Though opponents of the state bans argue that only the terminally ill have a constitutional right to doctor-assisted suicide, the justices repeatedly asked why the Constitution would not grant others the same right.
What about people not on death’s doorstep, but facing 10 years of agonizing pain, asked Justice Antonin Scalia. And, he wondered, what about people with terrible mental pain?
“Why is it limited to those on the threshold of death?” Scalia asked.
Because, said Kathryn Tucker, a lawyer representing Washington doctors challenging the law, “the dying process is already under way” for the terminally ill.
Responded Scalia, “I can tell you the dying process of all of us is under way.”
Scalia later asked a similar question of Harvard Law professor Laurence Tribe, who is representing New York doctors challenging the law.
Tribe said individuals should have “the liberty, when faced with imminent and inevitable death, not to be forced by the government to endure a level of pain and suffering that one can endure only when unconscious.”

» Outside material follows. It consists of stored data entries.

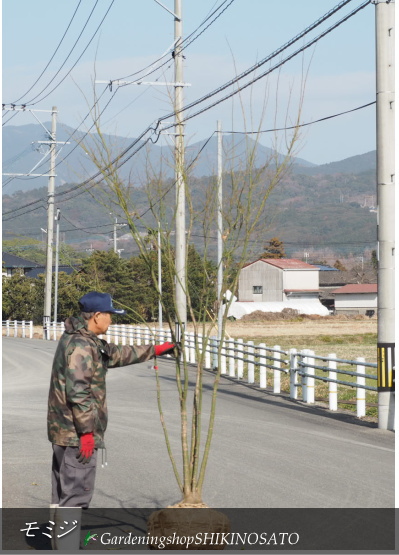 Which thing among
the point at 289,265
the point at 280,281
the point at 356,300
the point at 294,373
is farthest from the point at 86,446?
the point at 289,265

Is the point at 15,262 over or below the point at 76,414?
over

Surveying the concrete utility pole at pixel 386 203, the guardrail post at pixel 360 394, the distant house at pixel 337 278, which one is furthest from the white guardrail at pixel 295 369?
the distant house at pixel 337 278

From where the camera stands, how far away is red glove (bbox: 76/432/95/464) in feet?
23.5

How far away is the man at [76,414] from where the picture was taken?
7160mm

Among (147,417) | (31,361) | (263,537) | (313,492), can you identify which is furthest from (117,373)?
(263,537)

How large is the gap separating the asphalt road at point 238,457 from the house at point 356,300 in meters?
115

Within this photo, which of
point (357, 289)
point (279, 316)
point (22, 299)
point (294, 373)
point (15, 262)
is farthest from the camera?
point (357, 289)

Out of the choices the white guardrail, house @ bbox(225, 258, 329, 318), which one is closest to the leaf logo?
the white guardrail

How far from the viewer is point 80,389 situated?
7152 millimetres

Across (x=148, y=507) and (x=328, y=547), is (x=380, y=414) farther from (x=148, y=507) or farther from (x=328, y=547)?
(x=328, y=547)

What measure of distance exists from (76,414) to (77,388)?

Scalia, in what appeared to be a sarcastic remark, asked, “Is all this in the Constitution? This is lovely philosophy.”
Tribe defended the New York appeals court ruling that if states allow dying patients to refuse medical treatment, they should also allow the terminally ill to take medication to hasten death. The Supreme Court in 1990 acknowledged that a dying person may have a right to refuse medical treatment.
The justices appeared concerned that if the court were to recognize a right to die, it would have to wrestle with those and other issues in coming years. Beyond the issue of deciding which kind of patient has a right to die, for example, other justices seemed concerned about whether doctor-assisted suicide would quickly lead to euthanasia.
“There’s no doubt what would happen,” O’Connor said of a ruling recognizing a right to die. “It would result in a flow of cases through the court system for heaven knows how long.”
Tucker argued that legislative process couldn’t adequately deal with the issue because “people in our society do not deal with their own mortality until they’re confronting death.”
Ginsburg, however, noted that most people confront the issue when a friend or relative suffers a fatal illness.
Justice David Souter said that in previous cases, the court has been more willing to step in if the political process is shutting out certain groups and denying them fair representation.
“(Here), everybody is in the same boat,” Souter said. “If you’re right about the denial of death, that denial simply reflects the way we are.”
Tucker also urged the court to get involved because, she said, the terminally ill and others seeking a right to die generally are not activists. But the scores of briefs filed in the case, as well as the throngs of protesters who filled the front steps of the court, belied that argument.
Despite the cold Wednesday morning, dozens of people marched with signs saying, “We support physician aid in dying.” Dozens of others, most in wheelchairs, countered with brightly colored signs emblazoned with “Not dead yet,” or, “Your mercy is killing me.”